Cerimonia congressuale

Quello del PdL non è un congresso, è una cerimonia. Il matrimonio è già stato consumato elettoralmente, c’è già la prole, ora è anche rato, sicché neanche il diritto canonico avrà da ridire. Dal podio si succedono gli interventi, ma solo per non far vedere che parla uno solo. Si voterà, ma solo per evitare che si lamenti l’assenza di votazioni. Il copione è scritto e non si recita a soggetto. La cerimonia, però, non è falsa, non è “plastificata”, secondo la definizione beota che tanta fortuna ha portato a Berlusconi. E’ assai più vera dei vecchi congressi di partito, perché in quelli si scontravano correnti il cui peso era dato dalle tessere, ovvero dalla quintessenza del falso, mentre qui non si scontra nessuno, ma s’incarna un’Italia reale. Talmente reale, da sembrare una forzatura artistica.
A Repubblica si danno il premio di consolazione: “l’Italia resta a destra, ma il Pd recupera”. Balle, l’Italia non è a destra manco per niente, è sempre lì, ferma, speranzosa di salvare capra e cavoli, impresa privata e spesa pubblica, dinamismo ed assistenza, mai disposta ad affidarsi ai comunisti.
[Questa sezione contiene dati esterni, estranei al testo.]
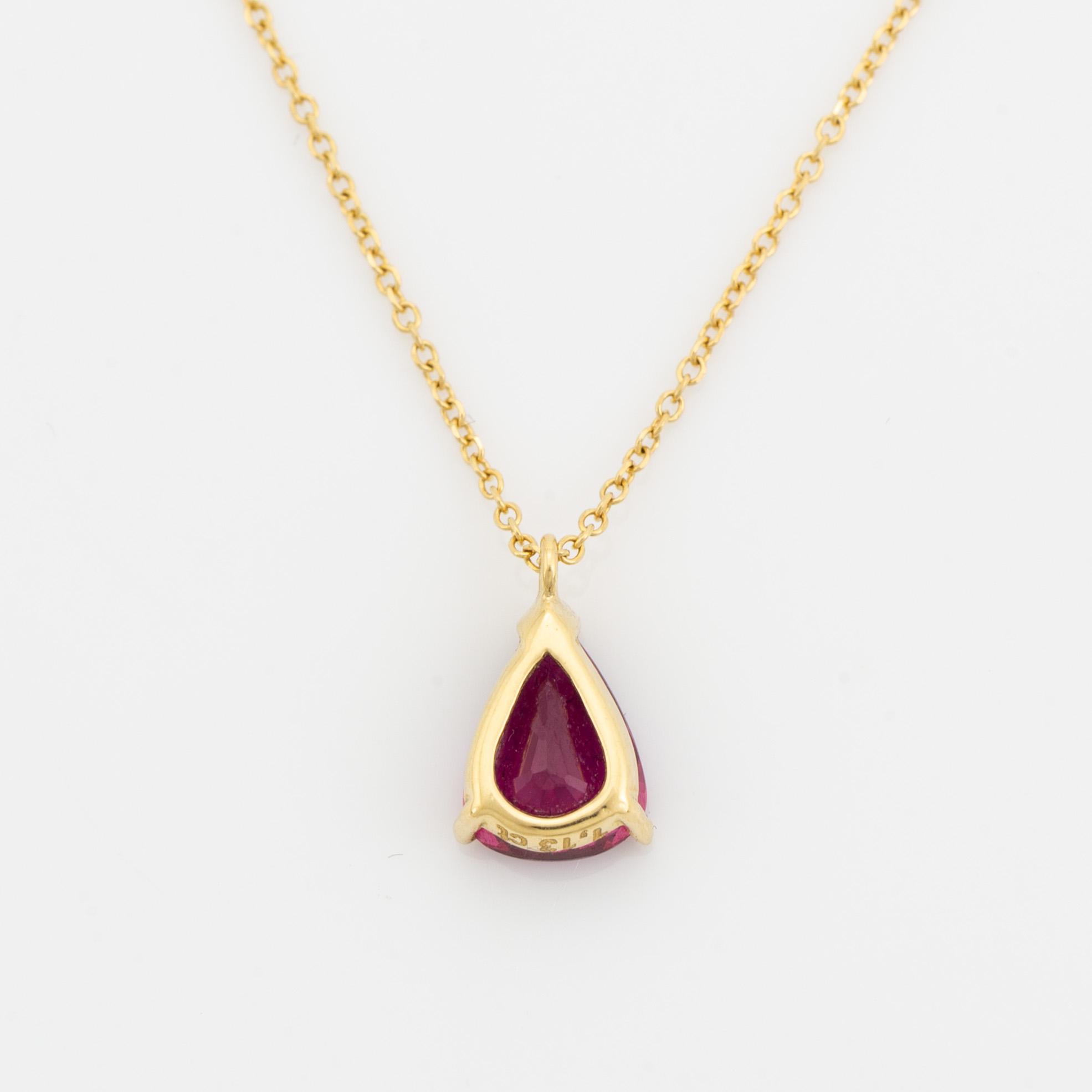 Pear shaped ruby necklace.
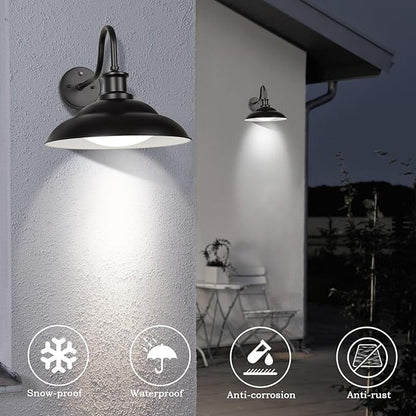 Dusk to Dawn Outdoor LED Barn Lights, 16 Inch Large Farmhouse Exterior Wall Light Fixtures with Adjustable Color Temperature, Modern Black White Porch Lights Outside for House Garage Doorway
Sì, ridete dementi! Riditelo, che i “comunisti” non esistono. Il problema è gigantesco e ammazza la sinistra, che vince solo se si mette in mano a Prodi, ovvero ad un democristiano garante dell’immobilismo. Berlusconi deve molto alla Rai, per l’ascesa televisiva, come deve molto alla sinistra ed al suo giustizialismo fascistoide, per l’ascesa politica.
Il nuovo partito è il suo leader, come accadde a De Gaulle. Ha il potere di fare, in un momento difficile. Questo è il vero cimento. Dietro il capo c’è poca classe dirigente: molti parlamentari per caso, molti addestrati in partiti che non esistono più. Trovare il modo per selezionarla, non ricorrendo al solo metro della tremula fedeltà, è indispensabile per guadagnarsi un futuro. Il guaio è che, come in tutti i mercati, anche in quello politico la qualità aumenta con la concorrenza, ed a sinistra emergono berlusconidi imbarazzanti, leaderini che ironizzano sulle parole che non cambiano, laddove il dramma è di chi non può ripetere quel che diceva. Perché, giustamente, se ne vergogna. Per imitare il capo altrui mettono al proprio un sacco di mostrine, pecette e berretto: li cambiano spesso, ma sembrano sempre portieri d’albergo.